Suren Goyal, Partner, RPS Group, said, “A REIT is a corporation that owns, operates or finances income-producing real estate or real estate properties. Modeled after mutual funds, REITs offer a range of options to many investors.” Pool capital. They provide a low-cost way to invest in the real estate market. You can invest in a fund for as little as $500—a much lower entry point than commercial real estate investing. Another advantage of a REIT is that it offers attractive total return potential. By law, REITs are required to pay out at least 90% of the taxable amount to shareholders and a 5% dividend yield or higher is not uncommon. REITs There is potential for capital appreciation as the value of the underlying asset increases.

“Whereas one of the benefits of investing in commercial real estate is the ability to generate substantial cash flow as well as take advantage of several tax breaks to offset the income. While the real estate market can fluctuate- There are ups and downs. As in the stock market, property prices generally move up over time, so you may be able to sell it later at a higher price and of course there is a possibility of price appreciation as well,” Suren Goel further said.

Most buyers of commercial real estate prefer to finance the home with a mortgage or loan; as a result, certain tax benefits are available. But REITs do not offer comparable tax advantages and dividend payments on REITs are taxed as well. In terms of property ownership, investors in REITs are not given ownership title to the property and only receive trust units. In contrast, commercial real estate gives investors the freedom to use the property as they see fit.

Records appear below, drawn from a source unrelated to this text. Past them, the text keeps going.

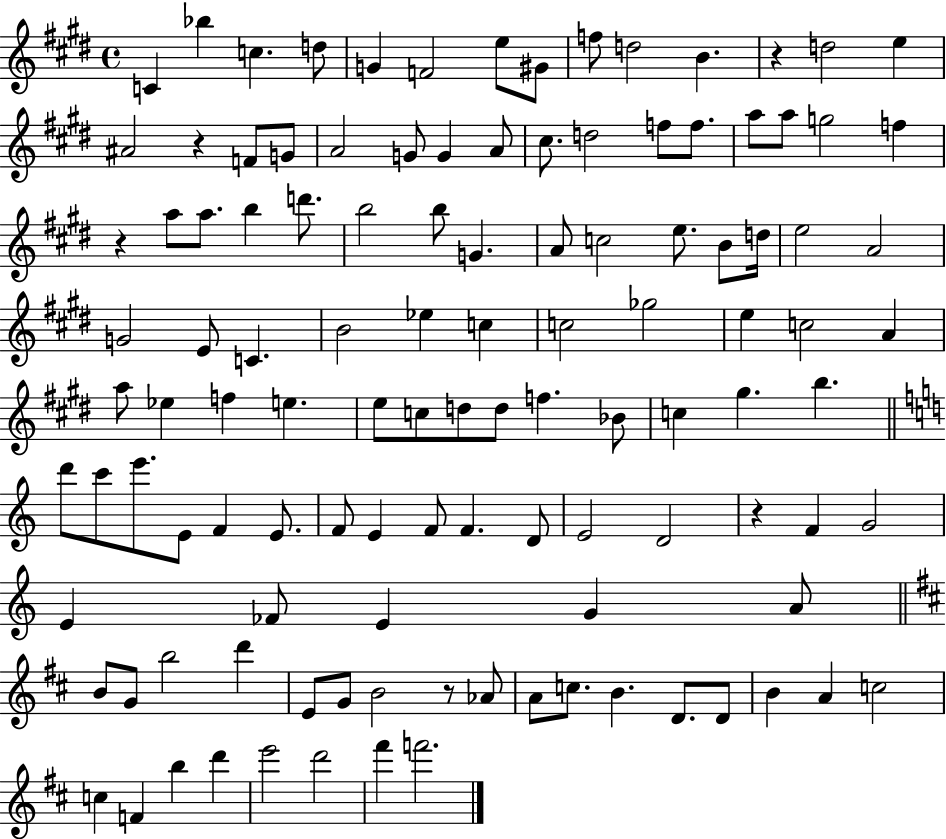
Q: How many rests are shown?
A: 5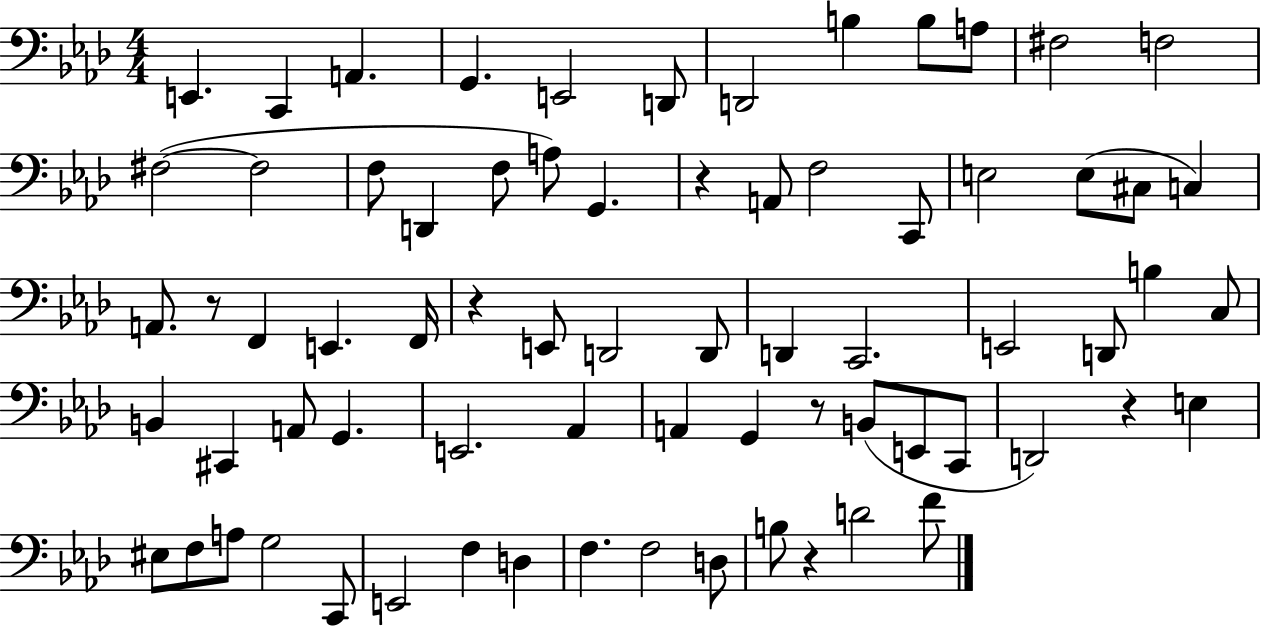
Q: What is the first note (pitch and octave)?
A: E2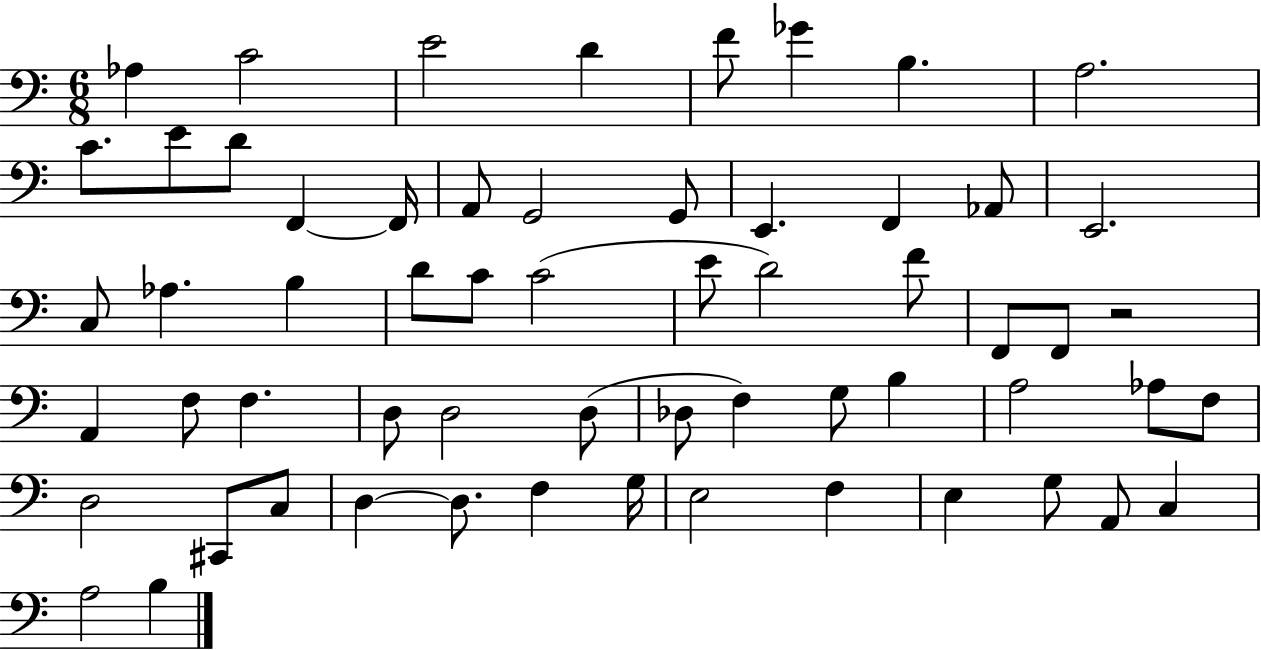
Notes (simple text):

Ab3/q C4/h E4/h D4/q F4/e Gb4/q B3/q. A3/h. C4/e. E4/e D4/e F2/q F2/s A2/e G2/h G2/e E2/q. F2/q Ab2/e E2/h. C3/e Ab3/q. B3/q D4/e C4/e C4/h E4/e D4/h F4/e F2/e F2/e R/h A2/q F3/e F3/q. D3/e D3/h D3/e Db3/e F3/q G3/e B3/q A3/h Ab3/e F3/e D3/h C#2/e C3/e D3/q D3/e. F3/q G3/s E3/h F3/q E3/q G3/e A2/e C3/q A3/h B3/q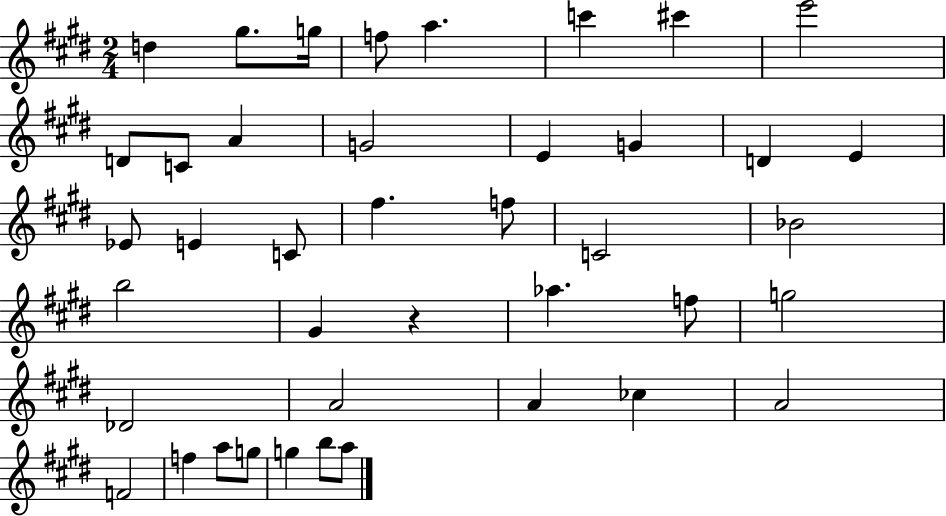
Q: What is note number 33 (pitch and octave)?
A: A4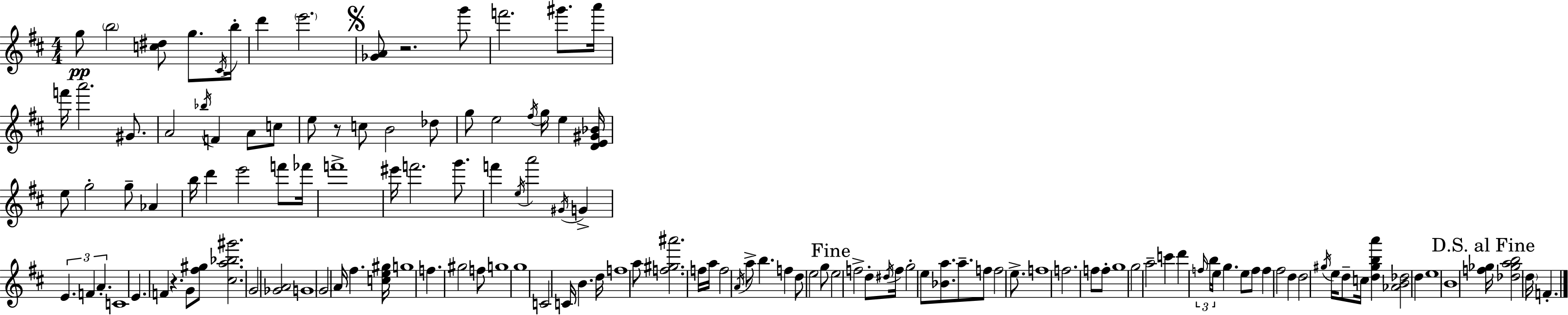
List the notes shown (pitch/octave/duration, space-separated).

G5/e B5/h [C5,D#5]/e G5/e. C#4/s B5/s D6/q E6/h. [Gb4,A4]/e R/h. G6/e F6/h. G#6/e. A6/s F6/s A6/h. G#4/e. A4/h Bb5/s F4/q A4/e C5/e E5/e R/e C5/e B4/h Db5/e G5/e E5/h F#5/s G5/s E5/q [D4,E4,G#4,Bb4]/s E5/e G5/h G5/e Ab4/q B5/s D6/q E6/h F6/e FES6/s F6/w EIS6/s F6/h. G6/e. F6/q E5/s A6/h G#4/s G4/q E4/q. F4/q A4/q. C4/w E4/q. F4/q R/q. G4/e [F#5,G#5]/e [C#5,A5,Bb5,G#6]/h. G4/h [Gb4,A4]/h G4/w G4/h A4/s F#5/q. [C5,E5,G#5]/s G5/w F5/q. G#5/h F5/e G5/w G5/w C4/h C4/s B4/q. D5/s F5/w A5/e [F5,G#5,A#6]/h. F5/s A5/s F5/h A4/s A5/e B5/q. F5/q D5/e E5/h G5/e E5/h F5/h D5/e D#5/s F5/s G5/h E5/e [Bb4,A5]/e. A5/e. F5/e F5/h E5/e. F5/w F5/h. F5/e F5/e G5/w G5/h A5/h C6/q D6/q F5/s B5/s E5/s G5/q. E5/e F5/e F5/q F#5/h D5/q D5/h G#5/s E5/s D5/e C5/s [D5,G#5,B5,A6]/q [Ab4,B4,Db5]/h D5/q E5/w B4/w [F5,Gb5]/s [Db5,Gb5,A5,B5]/h D5/s F4/q.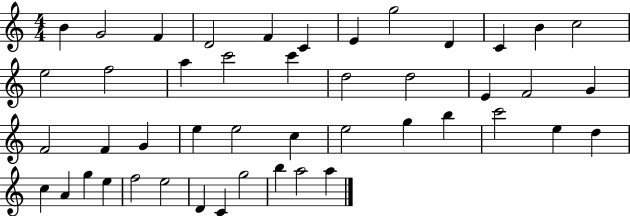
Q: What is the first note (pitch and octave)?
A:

Commercial real estate and REIT investing both have their advantages. You can consider REITs for an opportunity to diversify your portfolio with their good returns, comparative safety, stable income and low investment amount. On the other hand, REITs are new in the market and are traded on stock exchanges, that means there is a risk of price fluctuations and market dynamics. Additionally, returns are lower than direct investments in commercial real estate, whereas unlike direct real estate investments, you have no control over returns or performance. property investment. But commercial real estate will benefit more from capital appreciation in the future. Therefore analyze your financial position and investment goals for both the investments and take professional advice before investing.